1. Field of the Invention
The present invention relates to an over-filled scanner (OFS) type optical scanning apparatus and an image forming apparatus using the same. More specifically, the present invention facilitates image forming apparatuses in which a light beam (laser beam) emitted from a light source device is reflected and deflected with a rotating polygon mirror serving as a light deflector, and a surface to be scanned is scanned with the light beam through an imaging optical system so as to record image information. Such image forming apparatuses are, for example, laser beam printers, digital photocopiers, and multifunctional printers that have an electro-photographic process.
2. Description of the Related Art
An optical scanning apparatus is commonly used as a scanning optical system for laser beam printers, digital photocopiers, multifunctional printers, and so on. Recently, with the spread of these apparatuses, the demand for higher definition and higher speed has been increased.
An over-filled optical system (hereinafter referred to as OFS) meets the two demands, to increase the definition and to increase the speed. The OFS is characterized in that the number of deflecting surfaces of a rotating polygon mirror can be increased without increasing the size of the rotating polygon mirror.

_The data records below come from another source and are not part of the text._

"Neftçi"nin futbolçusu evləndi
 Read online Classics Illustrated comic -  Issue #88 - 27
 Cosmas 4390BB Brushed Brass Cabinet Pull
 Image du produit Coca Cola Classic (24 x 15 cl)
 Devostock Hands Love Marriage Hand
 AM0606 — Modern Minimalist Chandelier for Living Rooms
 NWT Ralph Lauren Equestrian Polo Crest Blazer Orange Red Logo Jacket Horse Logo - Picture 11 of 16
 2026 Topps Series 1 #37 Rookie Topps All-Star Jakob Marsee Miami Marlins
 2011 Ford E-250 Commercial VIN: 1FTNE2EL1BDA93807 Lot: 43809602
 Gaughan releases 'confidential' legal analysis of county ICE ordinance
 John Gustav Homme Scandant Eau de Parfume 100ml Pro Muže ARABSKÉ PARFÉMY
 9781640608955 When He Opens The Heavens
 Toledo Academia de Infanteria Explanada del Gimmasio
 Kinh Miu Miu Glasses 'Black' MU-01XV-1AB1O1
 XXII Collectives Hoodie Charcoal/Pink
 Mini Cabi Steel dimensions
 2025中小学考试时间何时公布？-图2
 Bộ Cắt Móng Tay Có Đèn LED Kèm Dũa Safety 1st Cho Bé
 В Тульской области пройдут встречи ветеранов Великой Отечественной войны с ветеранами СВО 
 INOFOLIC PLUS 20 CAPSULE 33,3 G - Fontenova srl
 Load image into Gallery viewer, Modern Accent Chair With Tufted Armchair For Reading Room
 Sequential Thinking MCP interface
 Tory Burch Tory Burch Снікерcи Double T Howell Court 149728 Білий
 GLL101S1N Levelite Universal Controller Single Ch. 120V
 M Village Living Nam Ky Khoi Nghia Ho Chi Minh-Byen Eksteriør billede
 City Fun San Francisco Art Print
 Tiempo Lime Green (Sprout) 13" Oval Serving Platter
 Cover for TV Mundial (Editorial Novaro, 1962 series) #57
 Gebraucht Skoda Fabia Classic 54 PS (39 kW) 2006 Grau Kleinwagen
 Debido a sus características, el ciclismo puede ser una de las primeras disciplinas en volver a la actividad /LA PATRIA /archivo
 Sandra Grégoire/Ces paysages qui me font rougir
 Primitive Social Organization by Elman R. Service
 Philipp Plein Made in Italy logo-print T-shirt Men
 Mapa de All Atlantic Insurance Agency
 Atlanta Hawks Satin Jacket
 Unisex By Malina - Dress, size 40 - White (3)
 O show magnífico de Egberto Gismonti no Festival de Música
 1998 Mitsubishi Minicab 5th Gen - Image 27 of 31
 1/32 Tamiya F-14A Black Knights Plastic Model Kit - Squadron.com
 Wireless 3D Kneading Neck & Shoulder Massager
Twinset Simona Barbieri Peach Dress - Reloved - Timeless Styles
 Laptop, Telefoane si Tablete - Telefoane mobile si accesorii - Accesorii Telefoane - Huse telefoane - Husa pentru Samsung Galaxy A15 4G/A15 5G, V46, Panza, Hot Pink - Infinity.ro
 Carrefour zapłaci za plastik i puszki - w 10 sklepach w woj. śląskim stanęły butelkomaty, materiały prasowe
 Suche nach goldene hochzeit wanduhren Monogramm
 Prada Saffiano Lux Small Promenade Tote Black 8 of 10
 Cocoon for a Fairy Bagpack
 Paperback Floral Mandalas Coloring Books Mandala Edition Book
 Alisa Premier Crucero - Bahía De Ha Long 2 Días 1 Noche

If a multi-beam light source that emits M light beams is used as a laser light source (light source device), the speed can be increased M-fold.
When the number of surfaces of the rotating polygon mirror is N, the effective scanning width on a surface to be scanned is W, the focal length of the imaging optical system is f, and the scanning efficiency is duty, there is the following relationship among N, W, f, and duty:f=WN/(4π·duty)According to the above relational expression, the focal length f is proportional to the number of surfaces of the rotating polygon mirror N. Therefore, increasing the number of surfaces causes the optical system to be large.
To solve this problem, various optical scanning apparatuses have been discussed.
An optical scanning apparatus discussed in Japanese Patent Laid-Open No. 2000-267030 (Patent Document 1) is reduced in size because, in the OFS, a converging light beam is incident on the rotating polygon mirror, and imaging is performed at a distance smaller than the focal length of the imaging optical system. Specifically, in the case of a scanning optical system that scans the width in the direction of the short side of A3 size paper (document), whose effective scanning width is 297 mm, when the number of surfaces of the rotating polygon mirror is 12 and the scanning angle is 25.6 degrees, the distance from the deflecting surface to the surface to be scanned is reduced from 437 mm to 305 mm, that is to say, to 68% by causing a converging light beam to be incident on the deflecting surface. In addition, the apparatus of Patent Document 1 is reduced in size by facilitating a tolerance of the fθ performance error up to 0.5% and sacrificing the print-position accuracy in the main scanning direction.
In an optical scanning apparatus discussed in Japanese Patent Laid-Open No. 11-183837 (Patent Document 2), a pair of angled mirrors are disposed between the rotating polygon mirror and the surface to be scanned, and the optical path is folded in the sub-scanning direction, thereby reducing the actual optical-path length to a half of the developed optical-path length.
The optical scanning apparatus of Patent Document 1 has the following problem. Since a converging light beam is incident on the rotating polygon mirror, convergent jitter occurs. In addition, in principle, reduction in the optical-path length causes deterioration in optical performance.
The optical scanning apparatus of Patent Document 2 has the following problem. Since the optical path is folded in the direction of the height of the apparatus, the actual height in the sub-scanning direction increases. In addition, the whole apparatus is complicated (high-cost) due to the increased number of mirror parts.
The OFS is characterized in that the number of surfaces of the rotating polygon mirror can be increased with the size (diameter) of the rotating polygon mirror kept small. In addition, although the diameter is small, the OFS facilitates narrowing down the spot diameter in the main scanning direction because the diameter of the deflected light beam is determined by the width of the deflecting surface (reflecting surface). In the OFS, the number of surfaces has been set to 12 in order to make full use of the characteristics of the multifaceted OFS. In the conventional UFS (under-filled optical system), it can be difficult to set the number of surfaces to 12. However, since the focal length f is proportional to the number N of surfaces as illustrated in the above relational expression, it is inevitable that the apparatus is increased in size. However, if the number of surfaces is reduced, a notable reduction in the diameter of the rotating polygon mirror makes it difficult to manufacture the rotating polygon mirror.